靱帯損傷、手術から復帰…2年ぶりの感触も「苦しいです」 来秋ドラフト候補の苦悩

9回に本塁打を放った明大・内海優太【写真:加治屋友輝】
9回に本塁打を放った明大・内海優太【写真:加治屋友輝】

明大の3年生4番・内海、同点の9回に決勝のリーグ戦2号

 東京六大学野球春季リーグは10日、明大が立大1回戦に2-1で勝利を収め先勝した。3年生の4番・内海優太外野手が1-1の9回に決勝ソロ。2年ぶりのリーグ戦2号でチームを開幕5連勝(1分け挟む)に導いた。

 8回に同点に追いつかれて迎えた9回無死。カウント3-1からの内角直球を捉えた内海の打球は、右翼席中段で弾んだ。「もう狙っていました。打った瞬間、いったなという感じ。(先発投手の)毛利(海大)さんが頑張っている中で、なかなか援護がないところで、終盤に一本出せたのは良かったです」。

 プロ野球開催日で延長戦がない状況。土壇場で飛び出したチームを救う一発を、戸塚俊美監督も「なんとなく(打ちそうな)雰囲気があった。4番として、いいところで打ってくれた」と手放しで称えた。

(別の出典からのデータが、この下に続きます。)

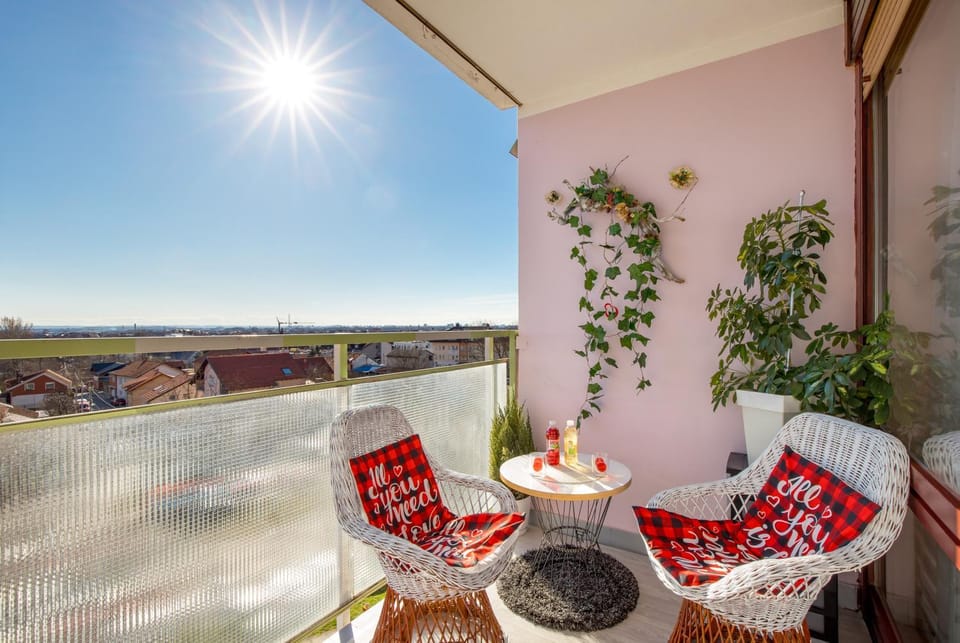View (from property/room), Balcony/Terrace, Seating area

 広陵高では高校通算34本塁打。銅メダルを獲得した「WBSC U-18ベースボールワールドカップ」(米フロリダ州サラソタ)では高校日本代表の4番を務めた逸材だ。明大では1年春からリーグ戦に出場し、慶大戦では代打でリーグ戦初本塁打を放つなど、打率.333と上々の大学デビューを飾った。

 だが、同年秋の練習中に左膝を負傷。前十字靭帯損傷の重傷で手術を受け、長期離脱を余儀なくされた。「野球を(怪我なく)ずっとやっていたら考えなかったこと、打撃の細かいとかを考えたり、体づくりとかに取り組めた。いい時間だったかなと思います」。前向きに捉え、長いリハビリを経てリーグ戦に復帰したのは昨秋。代打で3試合に出場して1安打を放った。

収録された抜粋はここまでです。